Short text fragments from websites:
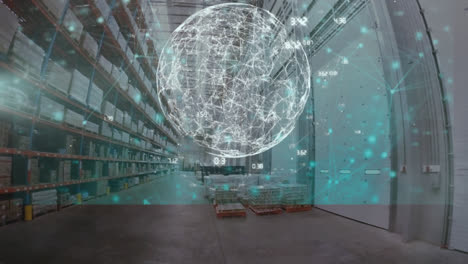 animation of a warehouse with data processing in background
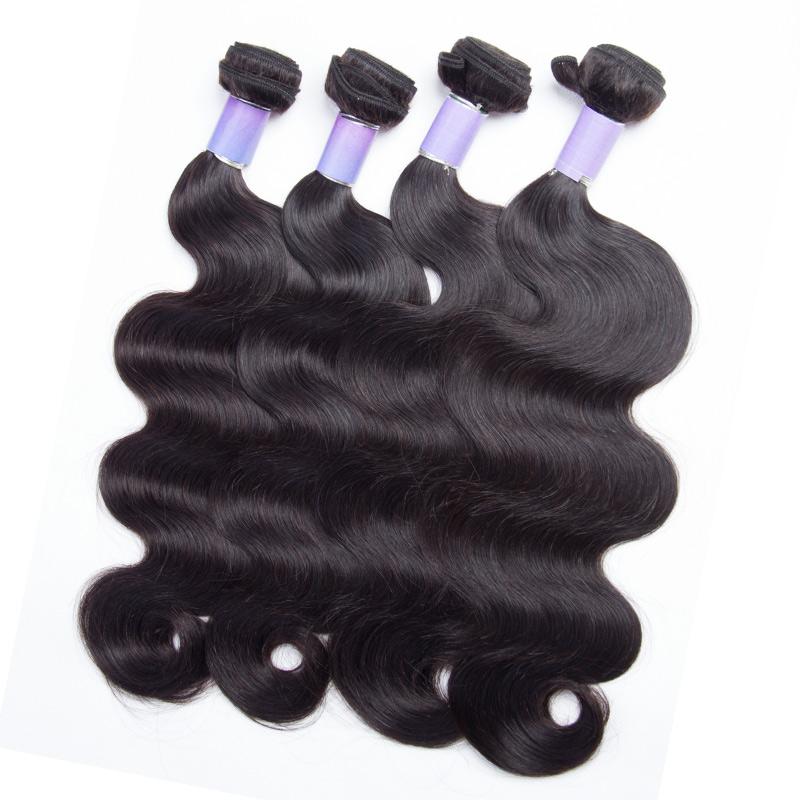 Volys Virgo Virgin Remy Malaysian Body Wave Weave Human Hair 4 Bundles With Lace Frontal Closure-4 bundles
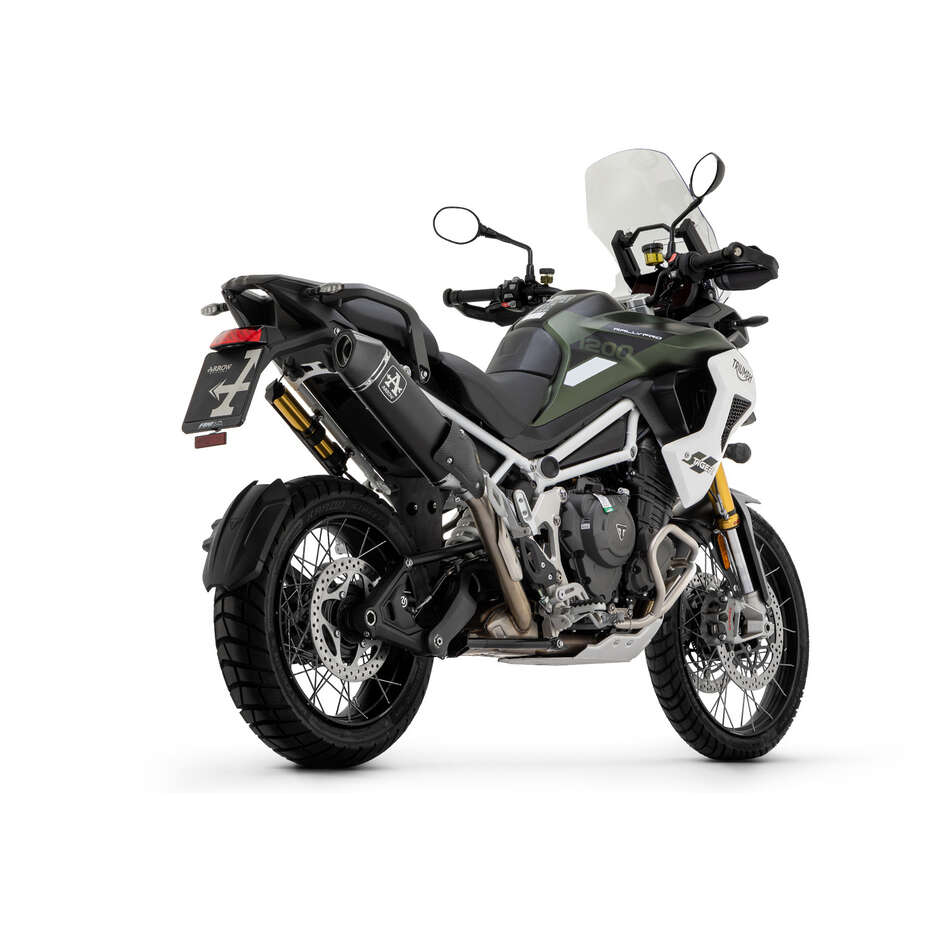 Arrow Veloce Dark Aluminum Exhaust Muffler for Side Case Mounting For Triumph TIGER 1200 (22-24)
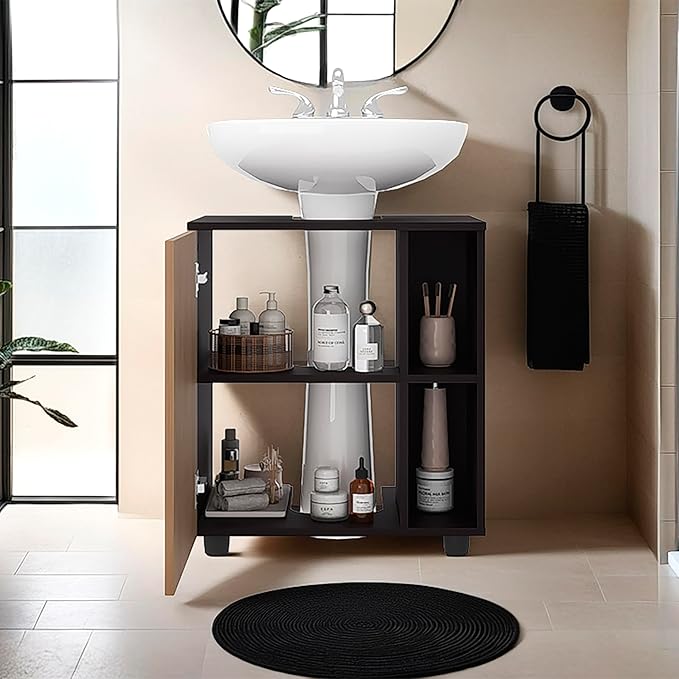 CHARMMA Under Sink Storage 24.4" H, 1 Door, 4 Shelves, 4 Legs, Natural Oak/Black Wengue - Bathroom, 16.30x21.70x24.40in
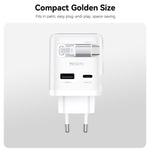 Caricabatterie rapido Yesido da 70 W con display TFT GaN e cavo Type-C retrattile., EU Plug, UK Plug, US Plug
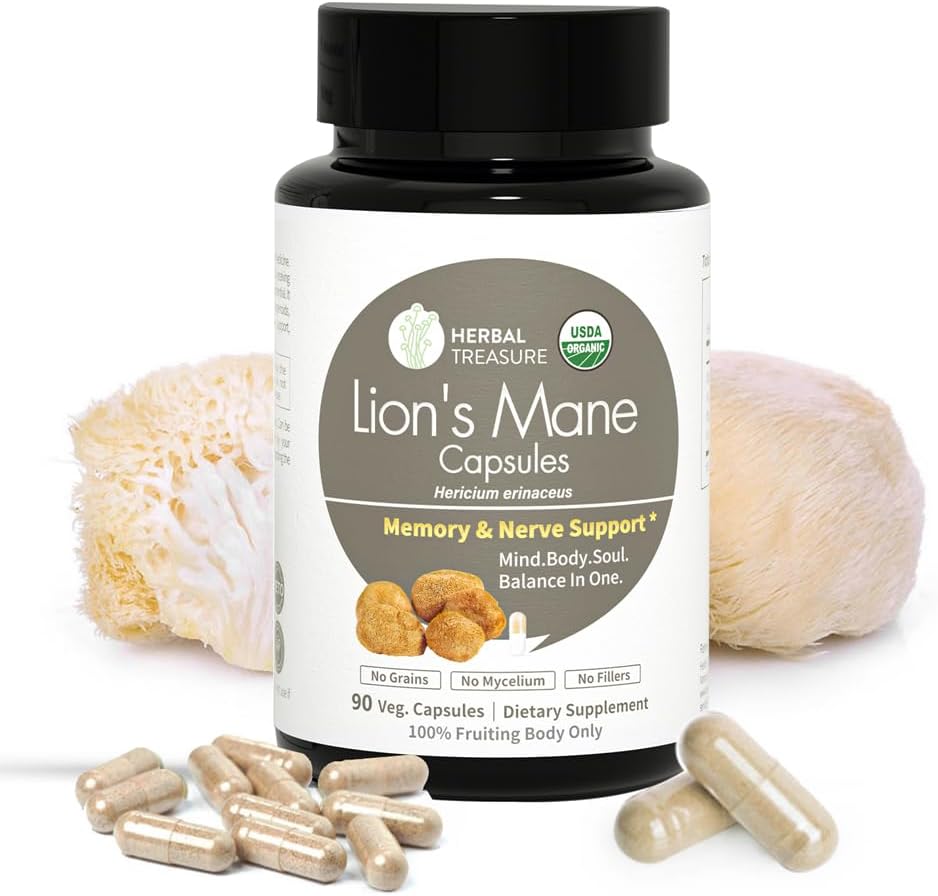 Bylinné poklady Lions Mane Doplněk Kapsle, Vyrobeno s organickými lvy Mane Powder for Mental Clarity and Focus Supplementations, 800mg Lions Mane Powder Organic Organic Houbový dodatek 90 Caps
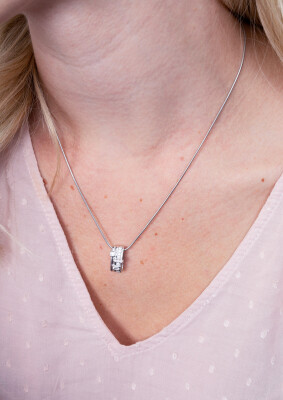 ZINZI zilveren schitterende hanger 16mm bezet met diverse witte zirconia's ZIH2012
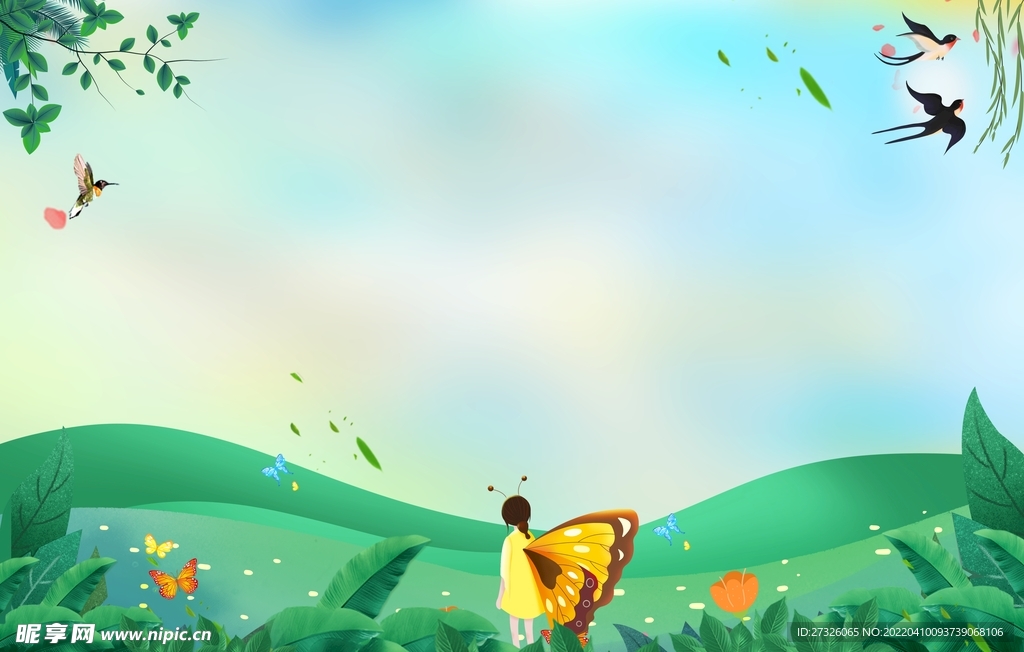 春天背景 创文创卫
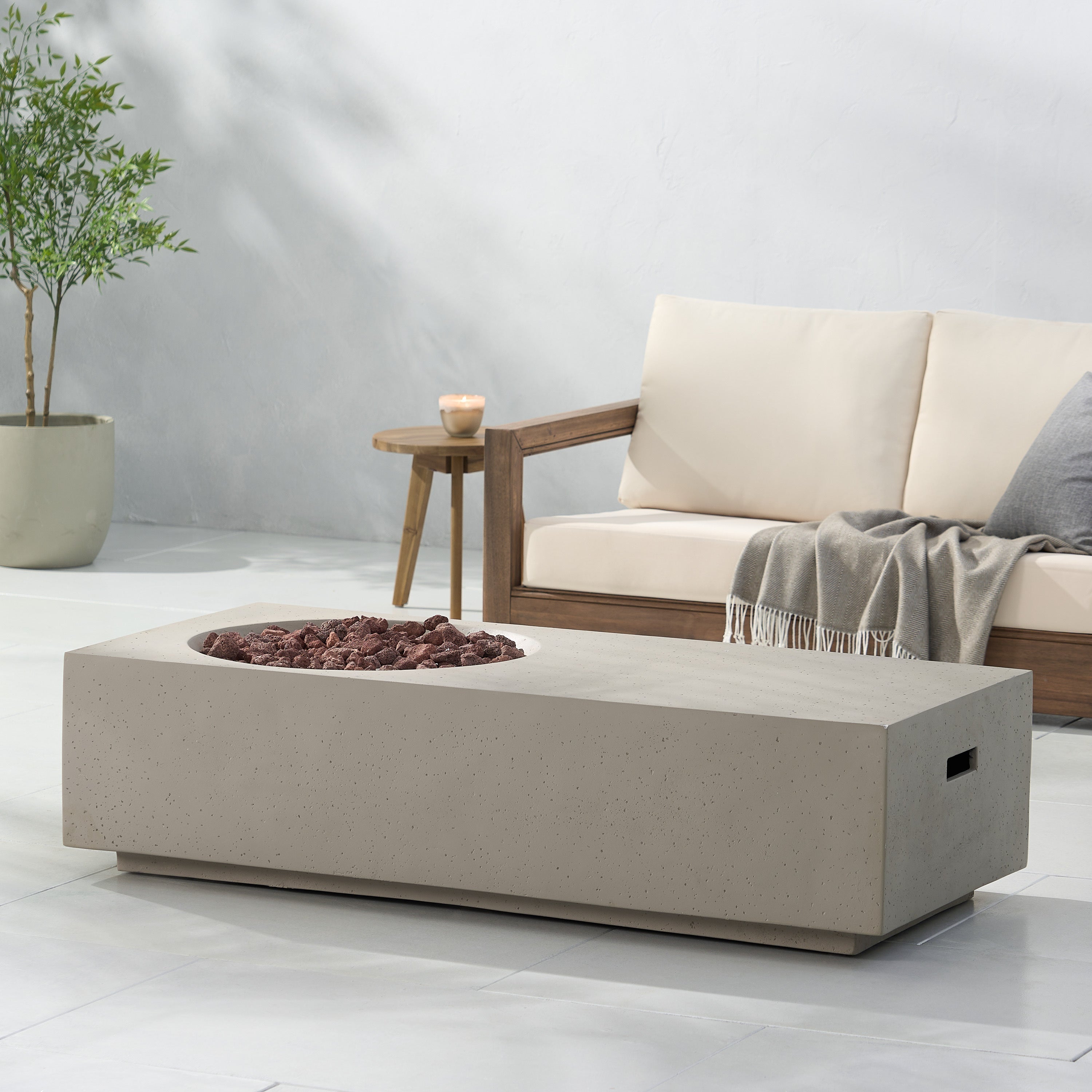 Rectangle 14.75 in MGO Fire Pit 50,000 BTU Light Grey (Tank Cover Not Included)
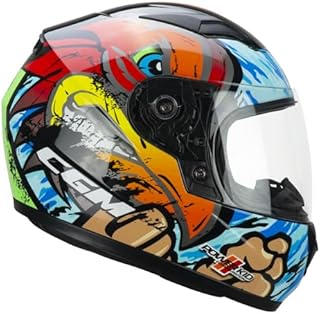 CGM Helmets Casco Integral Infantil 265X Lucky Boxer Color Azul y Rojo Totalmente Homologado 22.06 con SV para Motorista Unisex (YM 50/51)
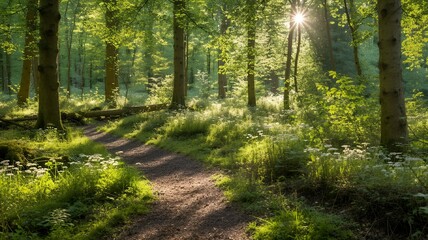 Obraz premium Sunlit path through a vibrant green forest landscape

What the exercise asks: The entries above are to be restated verbatim, with no pictures carried over.

Exercise response:
 animation of a warehouse with data processing in background
 Volys Virgo Virgin Remy Malaysian Body Wave Weave Human Hair 4 Bundles With Lace Frontal Closure-4 bundles
 Arrow Veloce Dark Aluminum Exhaust Muffler for Side Case Mounting For Triumph TIGER 1200 (22-24)
 CHARMMA Under Sink Storage 24.4" H, 1 Door, 4 Shelves, 4 Legs, Natural Oak/Black Wengue - Bathroom, 16.30x21.70x24.40in
 Caricabatterie rapido Yesido da 70 W con display TFT GaN e cavo Type-C retrattile., EU Plug, UK Plug, US Plug
 Bylinné poklady Lions Mane Doplněk Kapsle, Vyrobeno s organickými lvy Mane Powder for Mental Clarity and Focus Supplementations, 800mg Lions Mane Powder Organic Organic Houbový dodatek 90 Caps
 ZINZI zilveren schitterende hanger 16mm bezet met diverse witte zirconia's ZIH2012
 春天背景 创文创卫
 Rectangle 14.75 in MGO Fire Pit 50,000 BTU Light Grey (Tank Cover Not Included)
 CGM Helmets Casco Integral Infantil 265X Lucky Boxer Color Azul y Rojo Totalmente Homologado 22.06 con SV para Motorista Unisex (YM 50/51)
 Obraz premium Sunlit path through a vibrant green forest landscape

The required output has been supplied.